Added readDoubles/writeDoubles to ArrayBenchmark (it already covered ints and longs) and ran the array read benchmarks with and without the guard to isolate its cost. The overhead is within noise:

array read	unguarded	guarded
readInts	0.230 ± 0.074	0.228 ± 0.065
readLongs	0.514 ± 0.082	0.513 ± 0.086
readDoubles	0.511 ± 0.086	0.505 ± 0.098

(s/op, SingleShotTime, batchSize 12M, single fork, local JDK 24 on macOS arm64.) The check runs once per array read.

[joszamama]

It might make sense to separate array and collection maxArraySize from the max size for strings. We could configure reasonable defaults for the next major release and the value for maxArraySize could probably be much lower than the one for strings. What do you think?

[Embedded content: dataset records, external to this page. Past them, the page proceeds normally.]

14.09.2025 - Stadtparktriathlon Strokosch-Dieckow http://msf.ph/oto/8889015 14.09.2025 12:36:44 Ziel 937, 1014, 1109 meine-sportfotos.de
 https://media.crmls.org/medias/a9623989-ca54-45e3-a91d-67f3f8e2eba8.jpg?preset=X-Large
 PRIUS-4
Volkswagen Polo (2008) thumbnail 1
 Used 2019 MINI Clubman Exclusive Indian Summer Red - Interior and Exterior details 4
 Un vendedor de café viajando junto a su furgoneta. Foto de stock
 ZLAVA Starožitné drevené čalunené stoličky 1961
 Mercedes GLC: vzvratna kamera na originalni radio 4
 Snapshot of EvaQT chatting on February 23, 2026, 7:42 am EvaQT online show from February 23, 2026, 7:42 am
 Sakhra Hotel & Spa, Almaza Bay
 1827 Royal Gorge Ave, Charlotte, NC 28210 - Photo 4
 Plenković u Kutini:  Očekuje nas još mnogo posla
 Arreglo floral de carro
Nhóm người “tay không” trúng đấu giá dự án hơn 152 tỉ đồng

Alternatively, we can start out with the single configuration option, keep it as simple as possible and split it later as needed.

I'd keep the single option for now. Splitting strings from arrays and collections fits better together with choosing finite defaults, which is a behavior change (hence, better scheduled for the next major release?) I am more in the security side than on the maintenance side, so I am sure your opinion would be more valuable.

[theigl]

Looks great! Only two minor comments.

I'll let Copilot review once more.

[theigl]

The JavaDoc belongs to the create method. Please move it there.

Also move clampSize to Input (instance method) and re-use it between Map and Collection serializers.

[theigl]

Please use constants Integer.BYTES, Float.BYTES, Long.BYTES etc.

[Copilot]

Pull request overview

Copilot reviewed 15 out of 15 changed files in this pull request and generated 1 comment.